Ser de Esquerda, como disse Deleuze em uma excelente entrevista, é uma questão de percepção. Não é questão de ter boa alma, ou algo do gênero, mas perceber que as minorias somos todos nós.
É perceber que os direitos dos trabalhadores, dos negros, das
mulheres, dos homossexuais, dos pobres são direitos fundamentais. É
perceber que o capitalismo é um sistema que explora os recursos
naturais do planeta até causar sua completa destruição. É perceber que
mesmo que o modelo liberal possa ter pontos positivos, é para as classes
mais altas que ele é recompensador, pois para quem está em baixo na
pirâmide social, a miséria não é algo a se orgulhar. É perceber que a
meritocracia e a competitividade são valores falsos, e que eles jamais
podem estar acima do bem comum. É perceber que o acesso a justiça,
saúde e educação de qualidade deve ser para todos, e não apenas para
quem pode pagar seu alto preço. É perceber que as promessas do
capitalismo são falsas, pois há uma desigualdade constitutiva em que
para existir acumulação de capital, necessariamente há exploração e
segregação. É perceber que ter poder e riqueza no sistema capitalista
não é reflexo de atitudes éticas, sendo justamente o contrário comum na
selvageria do mercado. É perceber que o aumento da criminalidade tem
relação com a desigualdade social e a exposição do sujeito ao mundo da
felicidade pelo consumo. É perceber que, a despeito do individualismo,
precisamos encontrar soluções coletivas para um bem-estar coletivo.

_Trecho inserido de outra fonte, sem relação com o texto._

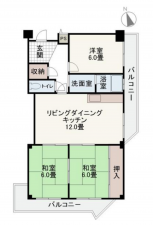 神戸市垂水区瑞ケ丘、マンションの間取り画像です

E ao percebermos que o governo é a representação da ordem e do
instituído, percebemos que não há governos genuinamente de esquerda.
Existem alguns governos favoráveis às causas da esquerda, mas a
esquerda não se identifica com um partido ou um político, nem pode se
deixar ser capturada por eles. Ser Esquerda é ser uma força instituinte
numa sociedade em que o instituído é o capital e os seus meios de
exploração. Após a queda do comunismo e a dificuldade do socialismo
ideal se realizar, ser de Esquerda tem menos a ver com levantar
bandeiras socialistas (embora a participação do socialismo foi e ainda é
fundamental) do que estar disposto a pensar e lutar por alternativas.
[Carvalho] Em sua origem,
os conceitos de “direita” e “esquerda” refletiam a organização
incidental, nos assentos de uma sala, de dois grandes grupos
razoavelmente distintos. De um lado os monarquistas conservadores,
defensores do Ancien Régime pertencentes à nobreza e ao clero [1], e de outro os republicanos revolucionários, a maioria membros da próspera classe burguesa.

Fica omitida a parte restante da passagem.